Mit solchen Studien beschäftigt sich das Team Digitalisierung am Institut für Tourismus und Mobilität der Hochschule Luzern aktuell. Erste Resultate werden im Sommer veröffentlicht.

Klar ist, dass Authentizität bei allen Kanälen wichtig ist. «Backstage-Storys kommen meist gut an. Exklusive Einblicke, zu denen ich normalerweise keinen Zugang habe», sagt Carolin Geyer, Wissenschaftliche Mitarbeiterin (Master of Arts). Auch interessant: Neue Kontaktmöglichkeiten. Anders als auf Facebook und Instagram, wo man sich zuerst eine Followerschaft erarbeiten muss, lädt man auf Tiktok einfach ein Video hoch. Dieses bekommt eine auserlesene Gruppe zu sehen. Gefällt der Inhalt, wird er automatisch einem grösseren Pool zugespielt. «Ein gutes Video kann somit auch ohne Follower viral gehen.»

Facebook begeistert Ältere, auf Tiktok sind die Jungen, und Instagram liegt irgendwo dazwischen – wichtig ist, Sprache und Captions der Zielgruppe anzupassen. «So bedeutet das Totenkopf-Emoji bei den Jungen, dass man sich totlacht», erklärt Carolin Geyer.
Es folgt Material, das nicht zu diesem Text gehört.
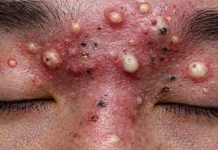 Cystic Blackheads Extraction Whiteheads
Wer hier noch das Emoji mit Freudentränen schickt, gehört zum alten Eisen …

Weiter beschäftigt sich das Team mit virtuellen Influencern und im Smart Region Lab (mittels interaktiver Datenvisualisierungen) mit Bewegungsströmen im Tourismus.

Influencerin Sylvia Michel und ihr Hund Rasta, ein Berger Blanc Suisse, haben je ein Instagram-Profil.

Schweiz Tourismus organisiert regelmässig Summits für Influencer aus der ganzen Welt – mit Reisen, viel Natur, Schweizer Produkten, Destinationen und Hotels.